> WHAT TO DO:
The answer must be the lines from the one that holds "PRE Mix, Mare, 4 years, 16 hh, Gray" through the final line of the data, copied exactly, with no pictures.

> DATA EXCERPTS:
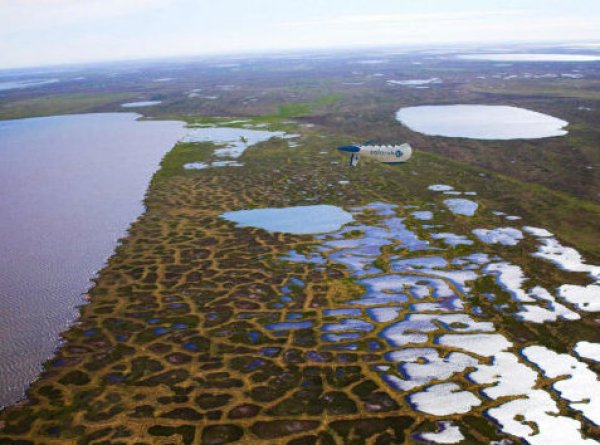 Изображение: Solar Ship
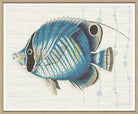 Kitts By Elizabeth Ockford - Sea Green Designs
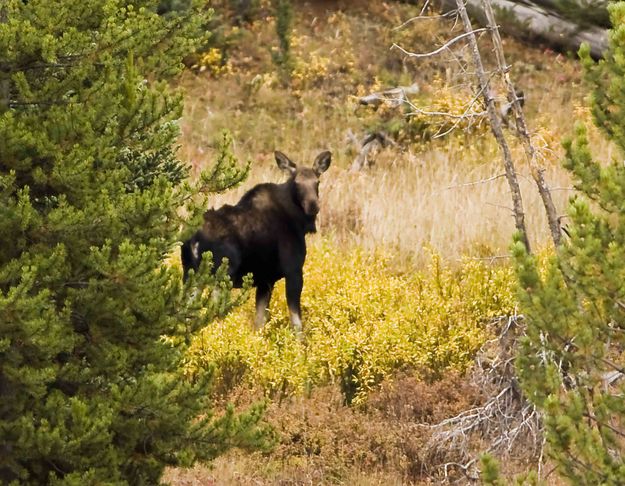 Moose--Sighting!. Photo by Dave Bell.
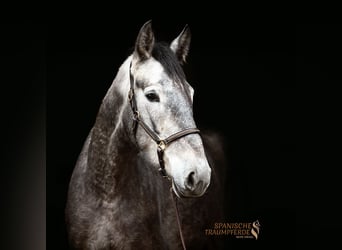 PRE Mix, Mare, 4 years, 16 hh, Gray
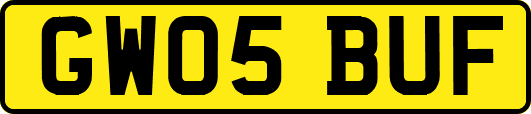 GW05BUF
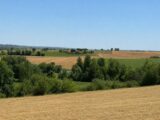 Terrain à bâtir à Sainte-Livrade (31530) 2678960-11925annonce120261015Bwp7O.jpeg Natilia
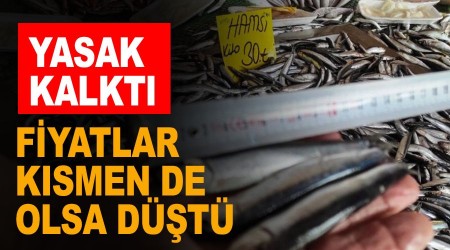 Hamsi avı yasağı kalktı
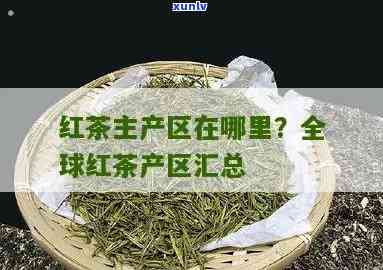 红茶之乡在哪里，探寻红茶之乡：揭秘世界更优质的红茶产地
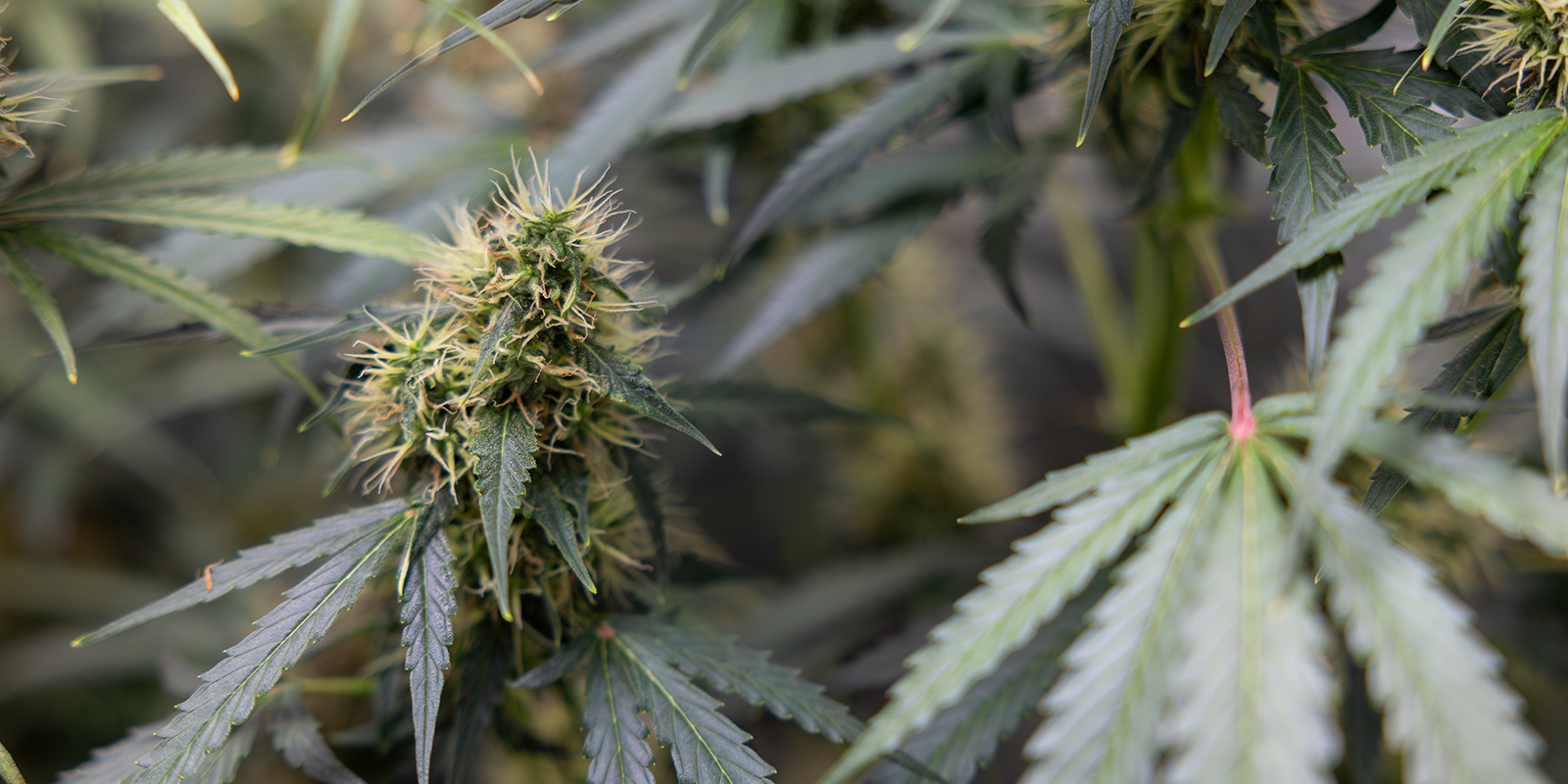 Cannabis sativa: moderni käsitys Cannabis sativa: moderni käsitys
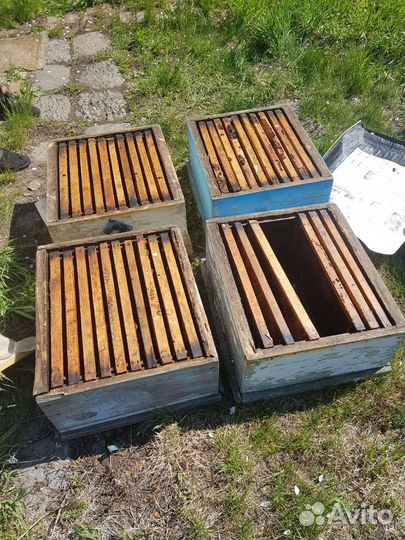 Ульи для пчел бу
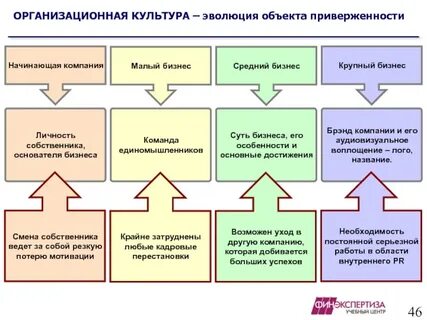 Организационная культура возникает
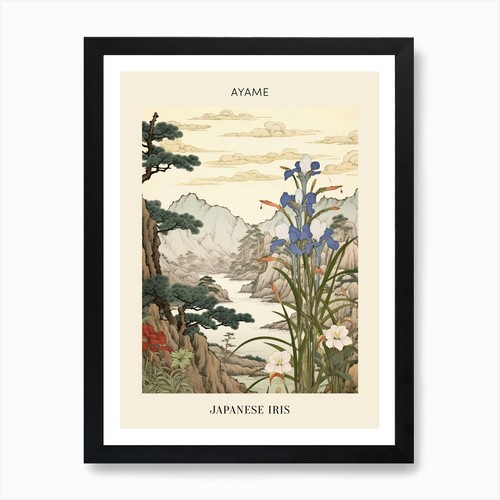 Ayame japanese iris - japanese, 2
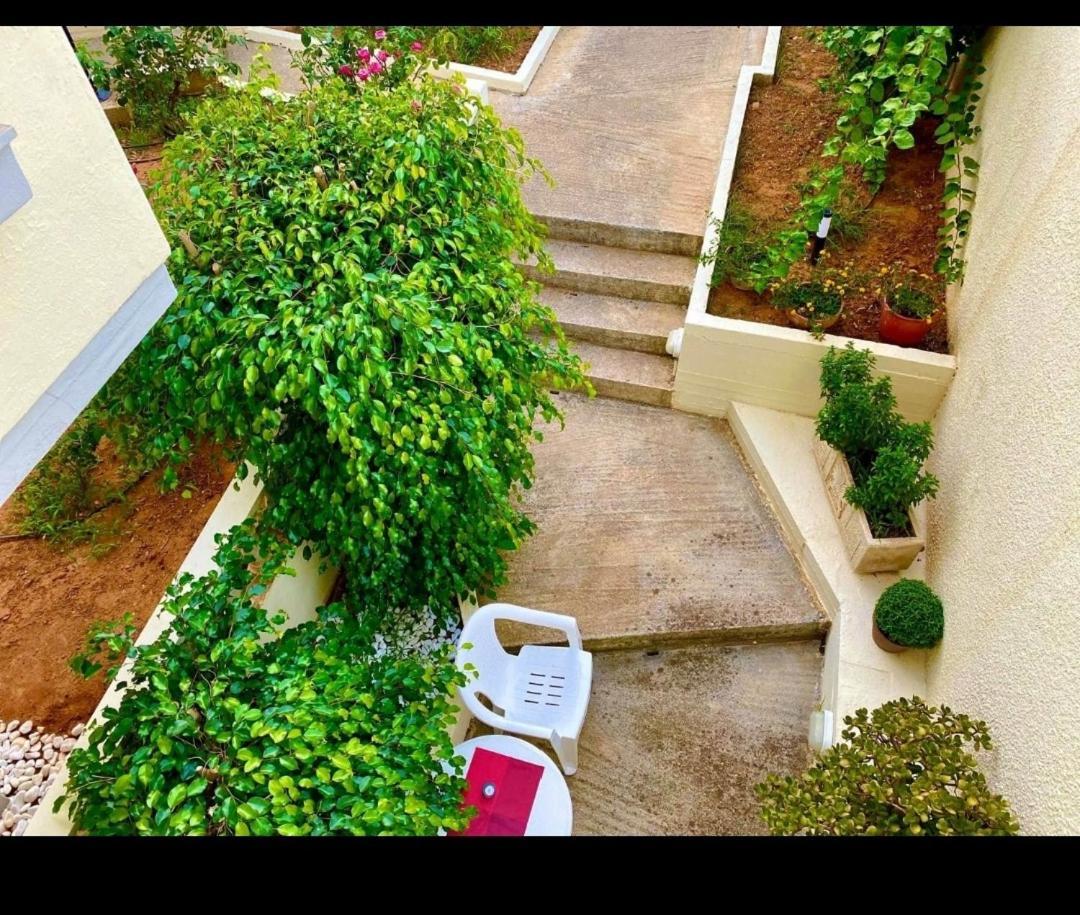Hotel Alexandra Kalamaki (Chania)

> RESULT OF THIS TASK:
 PRE Mix, Mare, 4 years, 16 hh, Gray
 GW05BUF
 Terrain à bâtir à Sainte-Livrade (31530) 2678960-11925annonce120261015Bwp7O.jpeg Natilia
 Hamsi avı yasağı kalktı
 红茶之乡在哪里，探寻红茶之乡：揭秘世界更优质的红茶产地
 Cannabis sativa: moderni käsitys Cannabis sativa: moderni käsitys
 Ульи для пчел бу
 Организационная культура возникает
 Ayame japanese iris - japanese, 2
Hotel Alexandra Kalamaki (Chania)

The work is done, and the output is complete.